[THE PROBLEM]: The listing below holds pictures; exclude them. Return exactly the lines from the one with "Black line icon for partnership participated" through the one with "香奈兒 Matelasse W 翻蓋鏈條肩背包，小牛皮，黑色，二手，帶五金配件-3".

[PROVIDED RECORDS]:
== Segment start ==
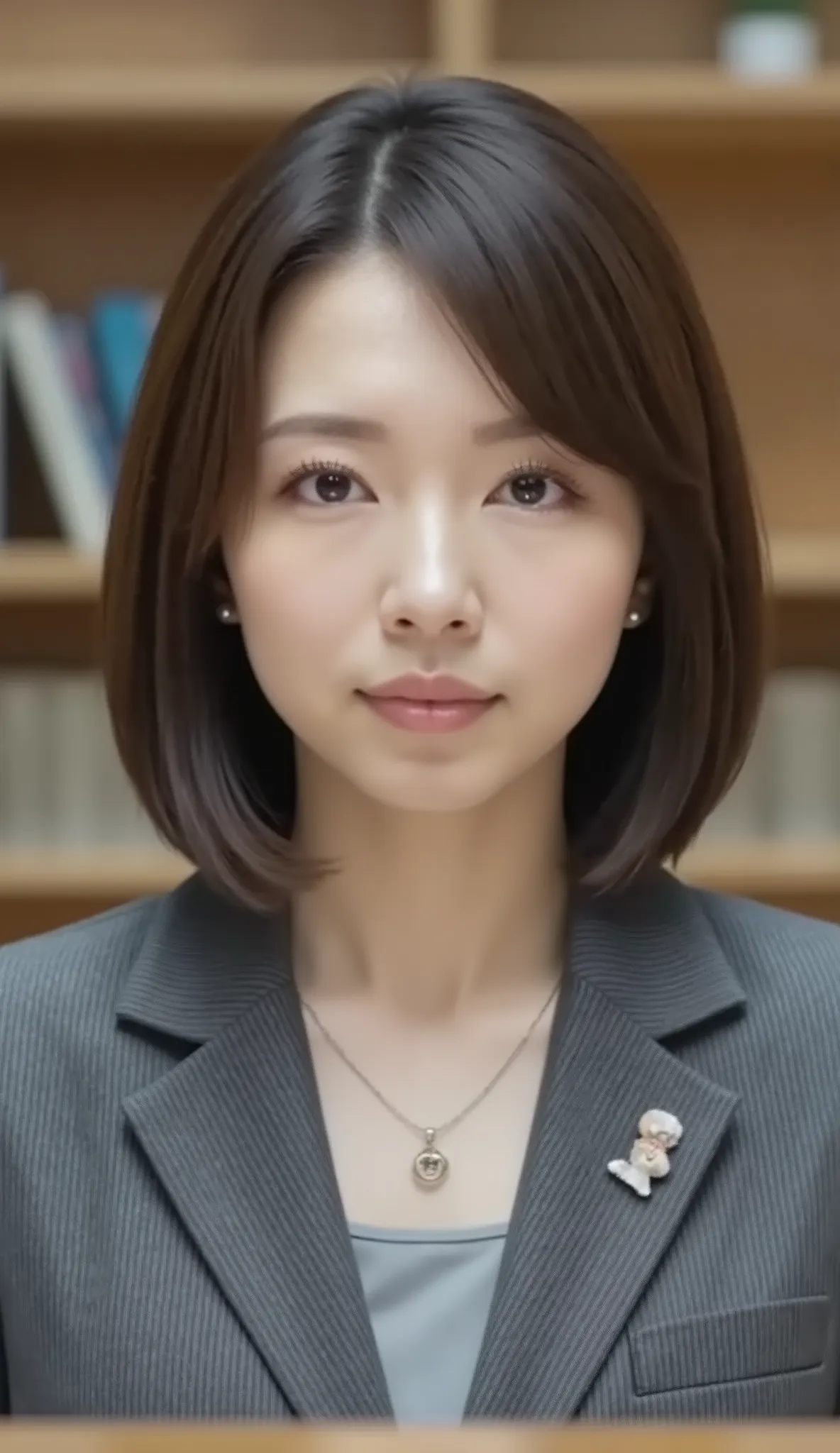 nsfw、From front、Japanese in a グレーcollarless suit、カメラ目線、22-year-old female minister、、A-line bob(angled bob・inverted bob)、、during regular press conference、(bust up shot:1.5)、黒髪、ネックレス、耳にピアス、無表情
== Segment end ==
== Segment start ==
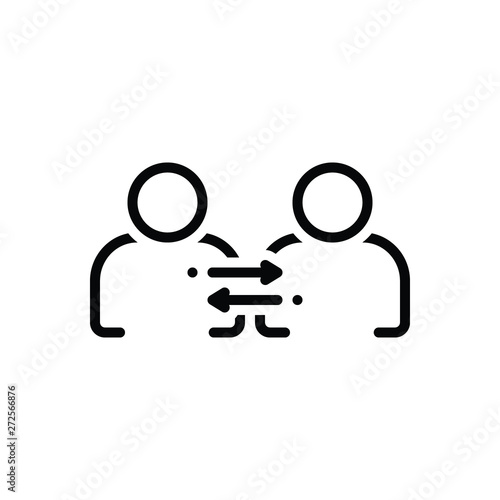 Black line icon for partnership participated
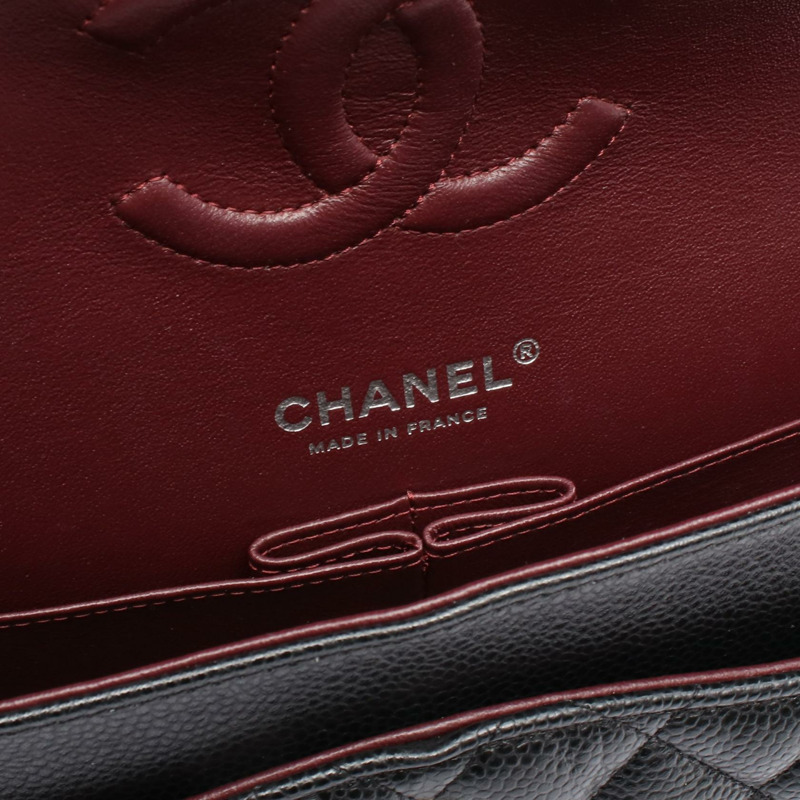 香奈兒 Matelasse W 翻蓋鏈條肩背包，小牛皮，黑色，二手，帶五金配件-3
== Segment end ==
== Segment start ==
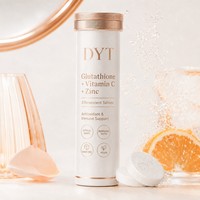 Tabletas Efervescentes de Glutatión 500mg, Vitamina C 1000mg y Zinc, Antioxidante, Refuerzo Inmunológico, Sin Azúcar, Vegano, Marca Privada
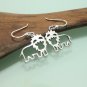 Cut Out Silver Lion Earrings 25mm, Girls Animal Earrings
== Segment end ==
[REPLY TO THE TASK]:
 Black line icon for partnership participated
 香奈兒 Matelasse W 翻蓋鏈條肩背包，小牛皮，黑色，二手，帶五金配件-3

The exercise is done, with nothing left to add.